Vero News

Rowing boathouse gets recreation committee’s blessing

VERO BEACH – A proposed community rowing boathouse has gotten the Vero Beach Parks and Recreation Advisory Committee’s conceptual approval.

Where, exactly, the 6,000-square-foot structure would be located remains to be determined. For two hours, the committee heard from the Indian River Rowing Club and members of the public who seemed to be at odds over where the boathouse should be sited.

Based on city and county staff recommendations, club member Charles Sullivan Jr. told the committee that they are proposing a site next to the River House, on what is currently the off-lease dog park.

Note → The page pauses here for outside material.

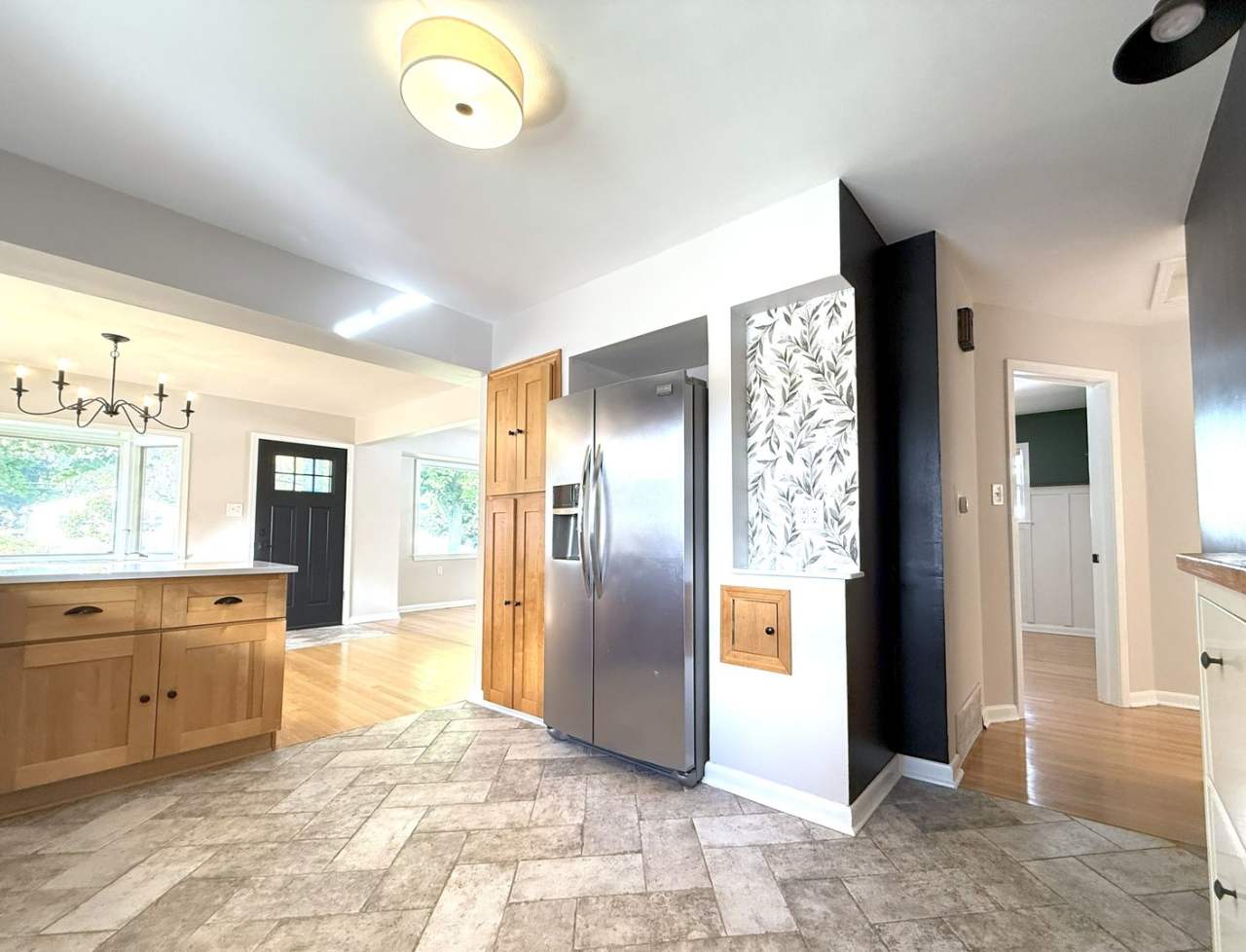 Gorgeous 3-bedroom single family home - Available NOW!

Several dog park users spoke before the committee – many saying that they do not oppose the boathouse, just the location.

Long-time dog park user Wally Leopold told the committee that where the rowing club is proposing to build is the only spot on the five-acre site that has shade. He proposed the boathouse be moved elsewhere.

“I don’t have a location,” Sullivan told the committee and the audience. He explained that the proposed site came from discussions with City Manager Jim Gabbard and County Administrator Joe Baird.

Members of the rowing club said they would be willing to consider other city-owned property near the river for the boathouse.

The Indian River Rowing Club developed the concept for a community boathouse that would be used to store sculls, kayaks and other self-propelled watercraft.

Along with the boat storage, if funding permitted, there would be training room with rowing-related exercise equipment, administrative office space, and a banquet hall that would be available for the community’s use – not just the rowing club.

“This is something that is fundamental to our community,” Sullivan told the committee and likened community rowing to having a football team, tennis courts and golf courses.

Something had to give to make room for those facilities – and accommodations have to be made to handle the crowds they might generate.

Sullivan said that if the club were lucky, it would be able to attract or organize two rowing regattas a year. Only in those instances would rowing traffic possibly interfere with motorized boat traffic, he said.

Sullivan suspects that if a boathouse with training and meeting space were established in Vero Beach, the city could attract rowers from the North or from around the world for training in the off season.

Already, the boathouse at the C-54 Canal near Fellsmere, in Brevard County, attracts colleges from around the country looking for warmer waters during winter. The Sebastian River High School rowing team trains out of the C-54 Canal.

Vero Beach High does not have a rowing team, but might develop a rowing program if a boathouse were nearby, Sullivan said.

Committee members unanimously signed off on the Indian River Rowing Club’s conceptual plan, but told the group that it must work to flesh out its business plan and financial model before presenting to the Vero Beach City Council.